The politics of disposability is central to my work because it makes clear the mechanisms of a more brutal form of authoritarianism driven by what psychologist Robert Jay Lifton rightly calls a “death-saturated age” in which matters of violence, survival, and trauma infuse everyday life.
Discarded by the corporate state, dispossessed of social provisions, and deprived of the economic, political, and social conditions that enable viable and critical modes of agency, expanding populations of Americans now find themselves inhabiting zones of abandonment.
These zones of hardship and terminal exclusion constitute a hallmark signature and intensification of a neoliberal politics of disposability that is relentless in the material and symbolic violence it wages against the 99 percent for the benefit of the new financial elite.

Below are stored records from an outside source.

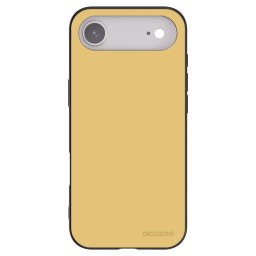 Fekete szilikon tok az alábbi mobiltelefonokra Apple iPhone Air - Canary Crystal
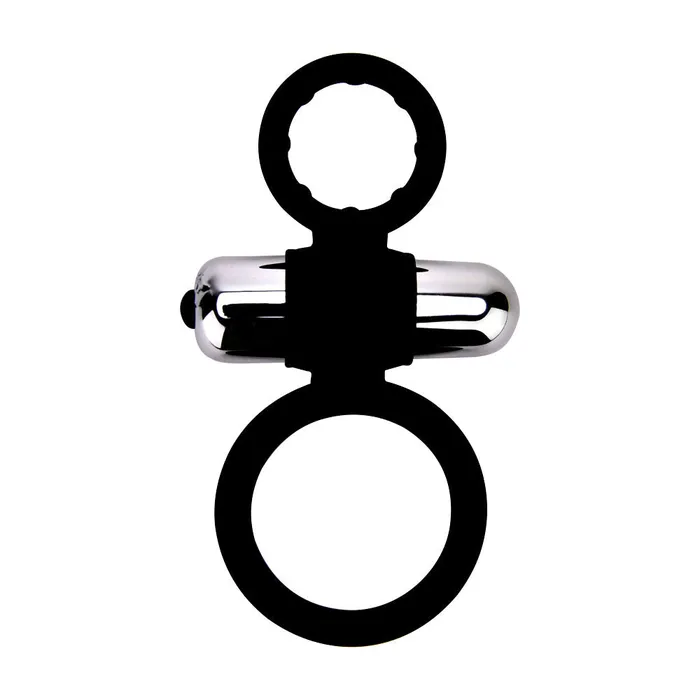Couples Loving Joy Loving Joy Silicone Vibrating Cock and Ball Ring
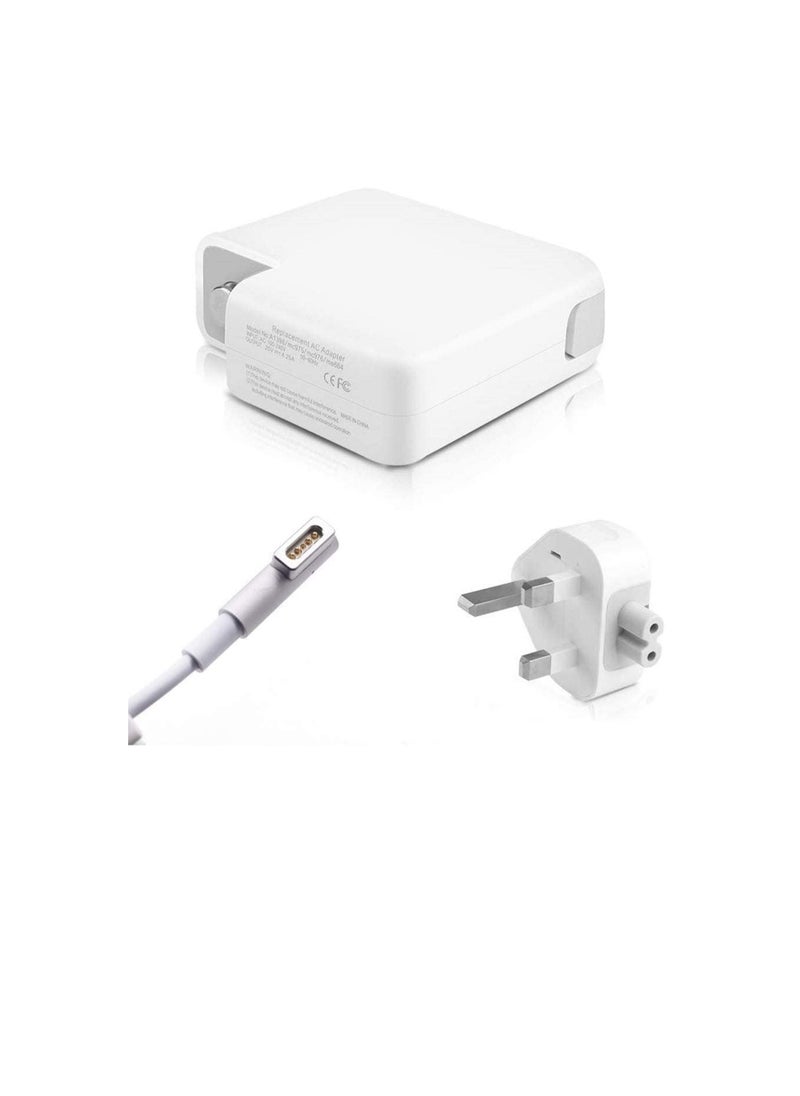 Generic 60W 16.5V 3.65A Replacement Magsafe AC Power Adapter Charger for Apple 13in MacBook Pro  - Image 2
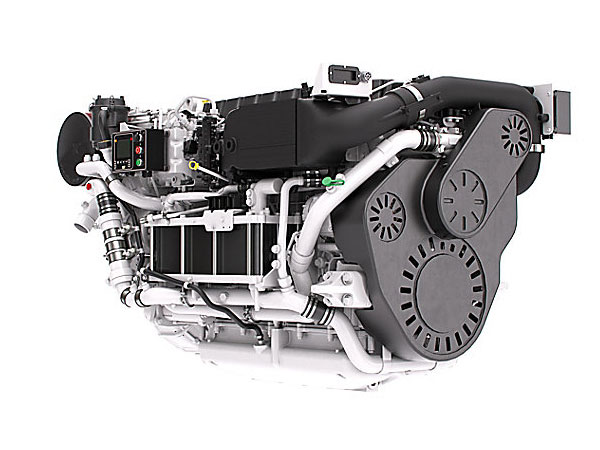 Caterpillar C12.9   Power | 850 – 1000 Hp    RPM | 2300 rpm   Configuration | In-line 6, 4 takt Diesel   Suction | Turbocharged, aftercooled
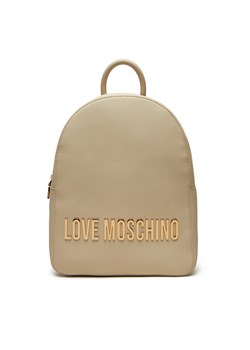 LOVE MOSCHINO Plecak JC4193PP1MKD0110 Écru ze sklepu MODIVO w kategorii Plecaki - zdjęcie 183652692
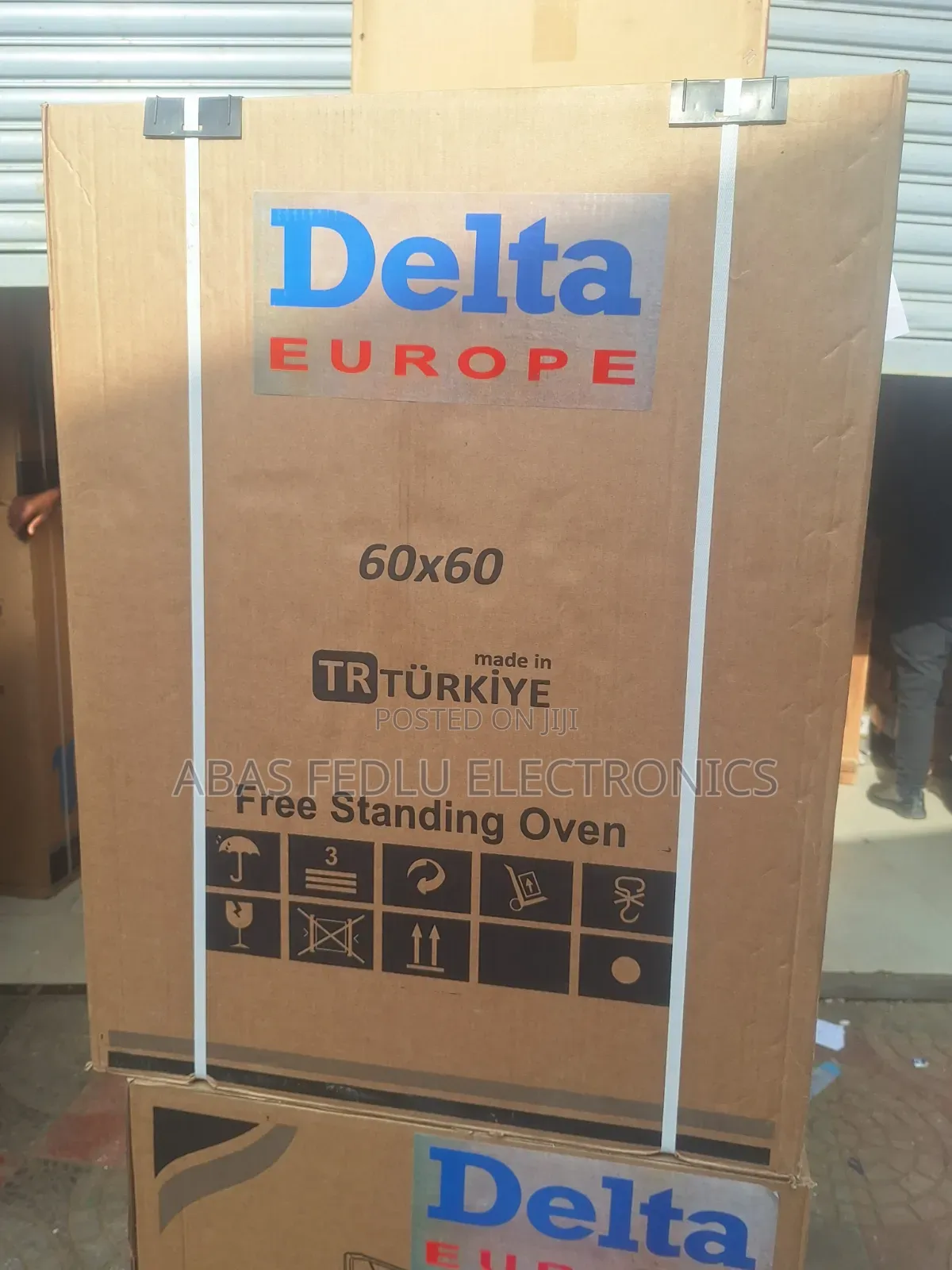 Delta 60*60 Oven Europe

What has become clear is that capitalist expropriation, dispossession, and disinvestment have reached a point where life has become completely unbearable for over half of the American public living in or near poverty.
As I have said in much of my recent writing, evidence of such zones of abandonment and terror can be seen in the war against immigrants, poor minorities, the homeless, young people living in debt, the long term unemployed, workers, the declining middle class, all of whom have been pushed into invisible communities of control, harassment, security, and the governing through punishment complex.
As an intellectual who worked extensively on pedagogy, how do you explain that violence, whether at the level of the individual, society and the show business, has reached such a high level of attractiveness?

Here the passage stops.